Monday, May 10, 2010

Little Miss Betty Crocker

Lately I have been on this kick of trying to cook as many things as I can from scratch. Ever since I got food poisoning from McDonalds, I have tried to stay away from fast food chains. I will NEVER take my kids there again (they got food poisoning also). It really made me realize a few things.

1) I have no clue who is preparing the food I am giving my family or myself. I don't know if they are following the guidelines. I don't know if they aren't putting boogies or snot or sneezing or coughing in our food. At fast food joints the person fixing our food, which is supposed to fuel our bodies to work properly and help our children grow strong, is probably some teenager who only wants a paycheck so they can blow it on whatever it is they fancy. They don't care about the fact that actual people EAT that food and if they don't handle it correctly then THEY are the ones making others sick. My children and I got super sick because someone else didn't handle our food properly.

2) I have no clue WHAT I am eating actually. I don't know what they use to cook the food in. Or what else they put on it. Or where it was bought at. I want to make sure we are getting the best I can offer. I can offer my children food from a fast food place or I can make them something from my own kitchen that I know is good for them.

3) It is much more expensive to go out to eat. I am far from rich and would much rather spend our money on other stuff. I would rather build memories of cooking in the kitchen with my boys (spending money on groceries rather than fast food is that point).

4) I want my boys to look back at their childhood knowing that Mommy is the one who fed them. Not restaurants, not other people, but their loving Mother. I want them to say "my Mom makes the best .... (fill in the blank) when someone asks what their favorite dish is. I want them to want their wife to cook at home like their momma did. I know this one is selfish but this is how I feel. My blog, my feelings.
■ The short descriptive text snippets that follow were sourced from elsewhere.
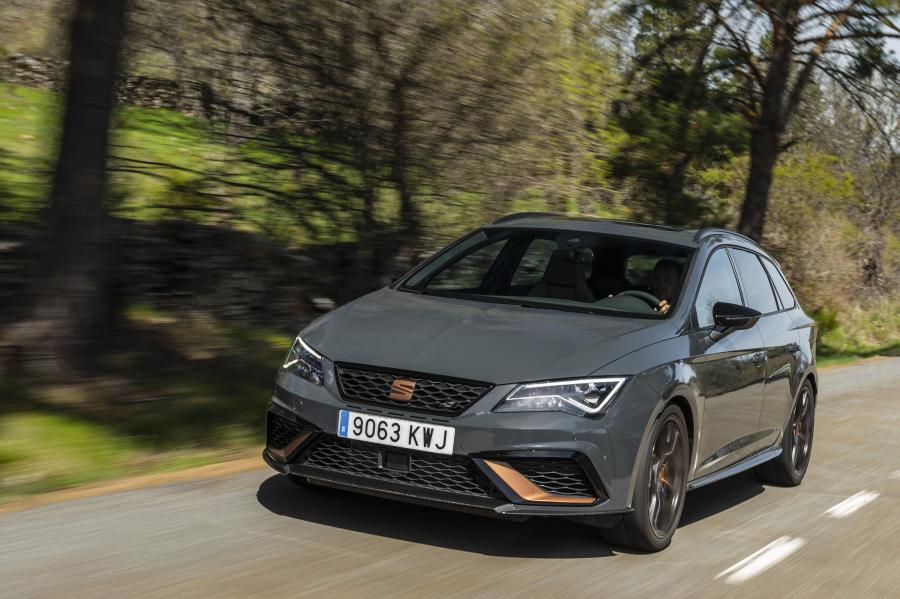  Seat Leon Cupra R ST (5F) 2018 года  (WW) (фото 16 из 40)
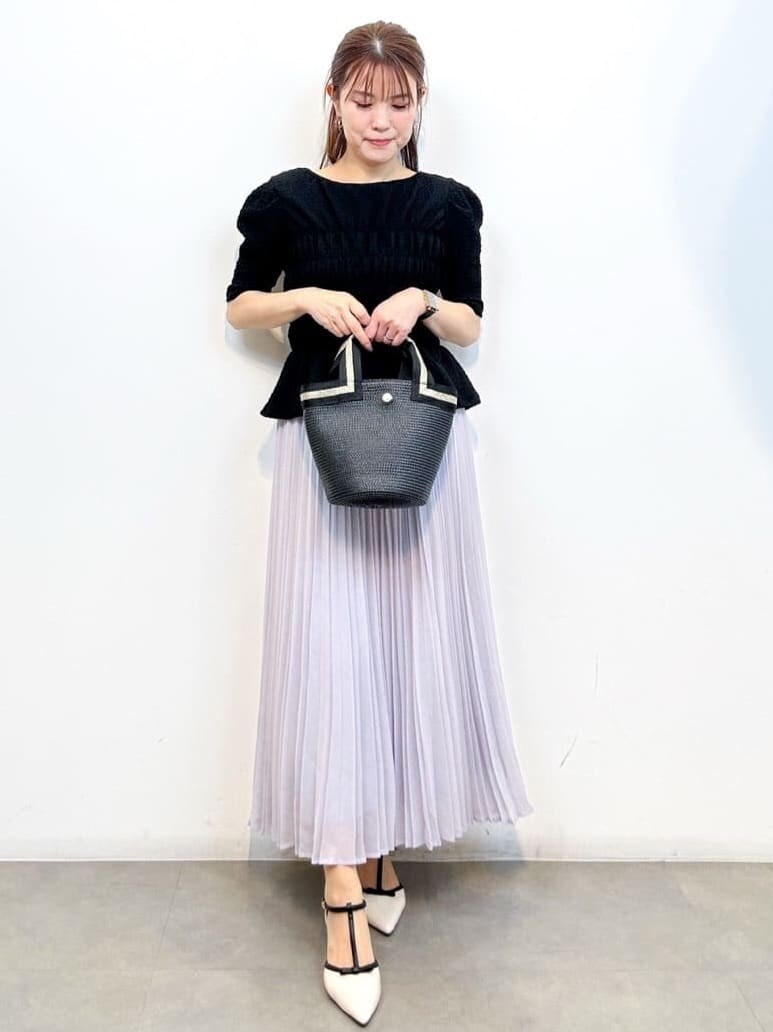 ブラック系のTシャツ/カットソー、ブラック系のトートバッグ、ホワイト系のパンプスを着用したレディースの春コーディネートの4枚目の写真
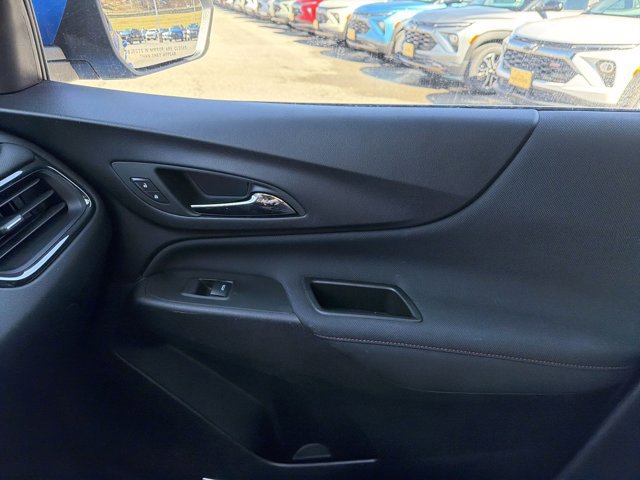 Used 2024 Chevrolet Equinox RS w/ RS Leather Package image 27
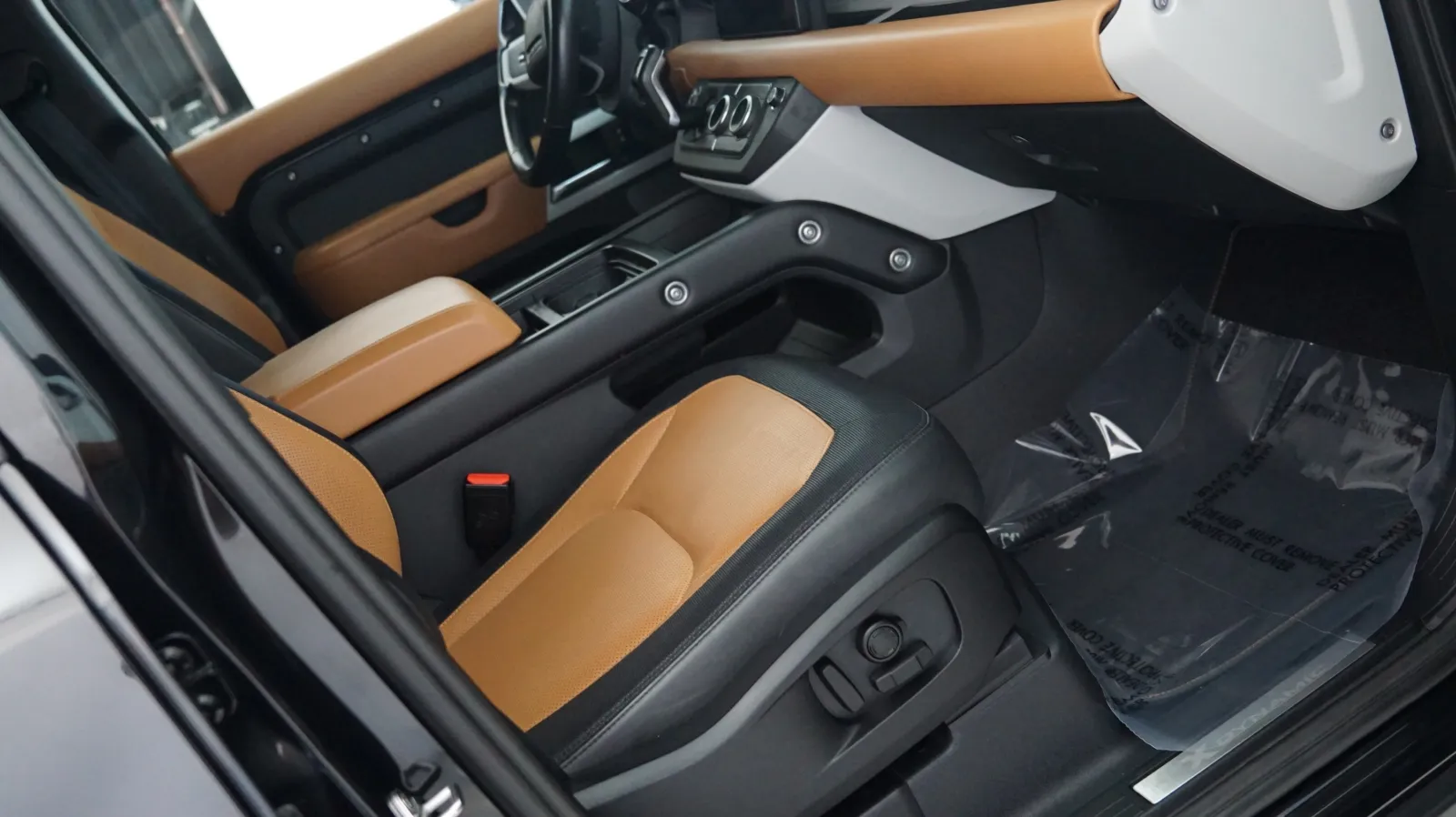 More photos of 2023 Land Rover Defender X-Dynamic SE at Auto City, CA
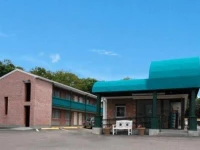 Econo Lodge Sharon 3*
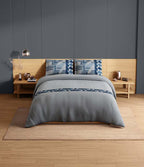 Spaces Avaris Structure 100% Cotton 210 TC Sateen Geometric Large Bedsheet with 2 Pillow Covers, Mirage Grey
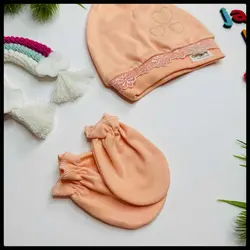 ست نوزادی کلاه و دستکش و پاپوش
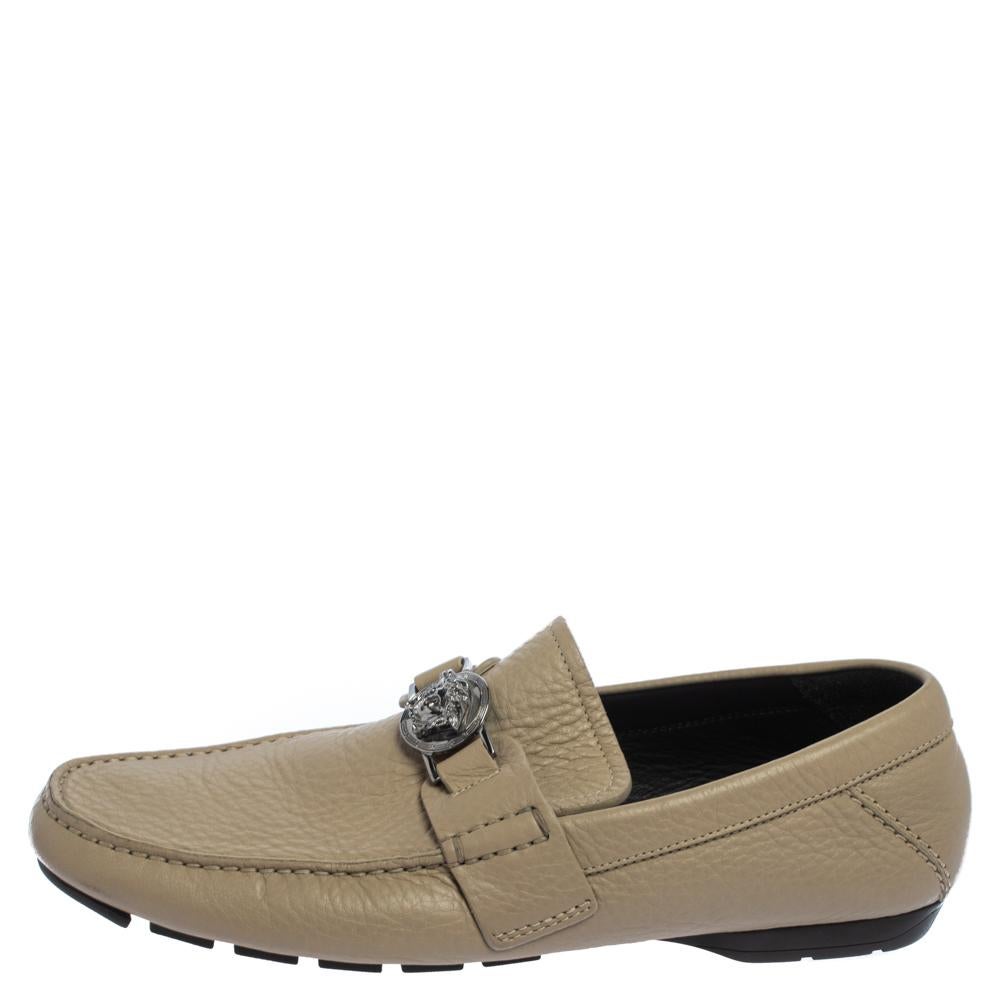 Precise stitching, use of quality materials, and a sleek shape led to the final result of this pair of loafers. They are by Versace, and this is evidently displayed with the Medusa detail on the uppers. The beige loafers are brimming with comfort
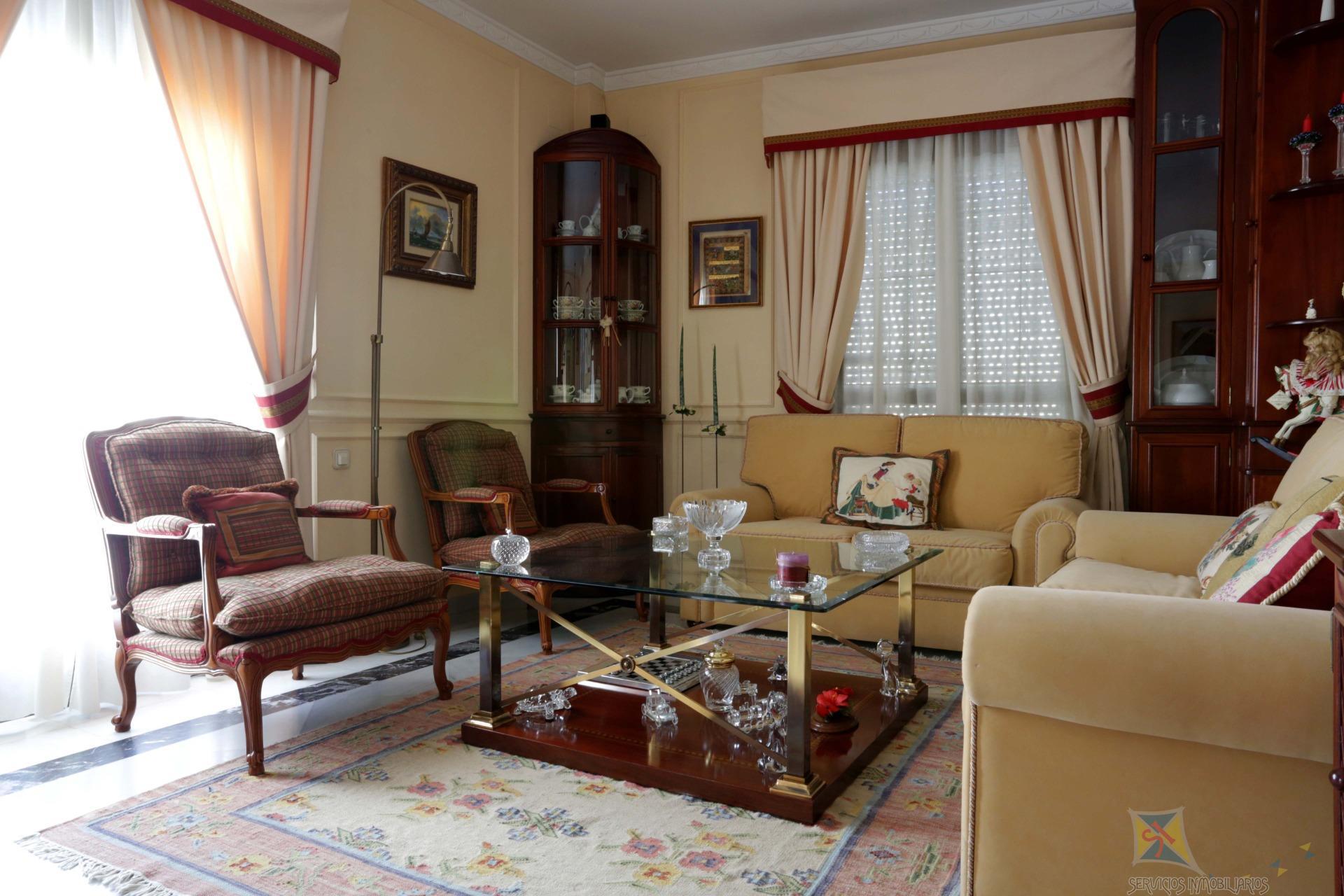 For sale of house in Coria del Rio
So with those feelings I now possess, I am cooking all my meals without prepackaged help (as much as I can) and trying not to go out to eat all that often. I am loving it. It is so much fun learning all the different foods and ways to cook things. And baking is so different than cooking. Baking is all about being exact with your ingredients and cooking is all about "feeling" what's right. Cooking is more generous with mistakes and baking is not forgiving at all. But I still like it.

Julian is LOVING it. He always says such sweet, encouraging words about my cooking. He is very supportive. He also eats everything...even if it is gross. My husband...I love him.

So that is why I am cooking all the time now. That's the reason behind it and I am very excited to continue this journey of learning and feeding my loved ones. I can't think of a better way of showing how much I love them than providing them energy and fuel for their precious bodies to grow. I am keeping my family as healthy as I can because I want them around me all the rest of my days.

2 comments:

  1. Jen - I never looked at it that way. Well, point three I'm totally aware of I just ignore it. But points 1, 2, and 4 are really true. My mom DOES make the best...everything really. I don't want James to be like, my mom orders the best take out! LOL. You have inspired me. :-)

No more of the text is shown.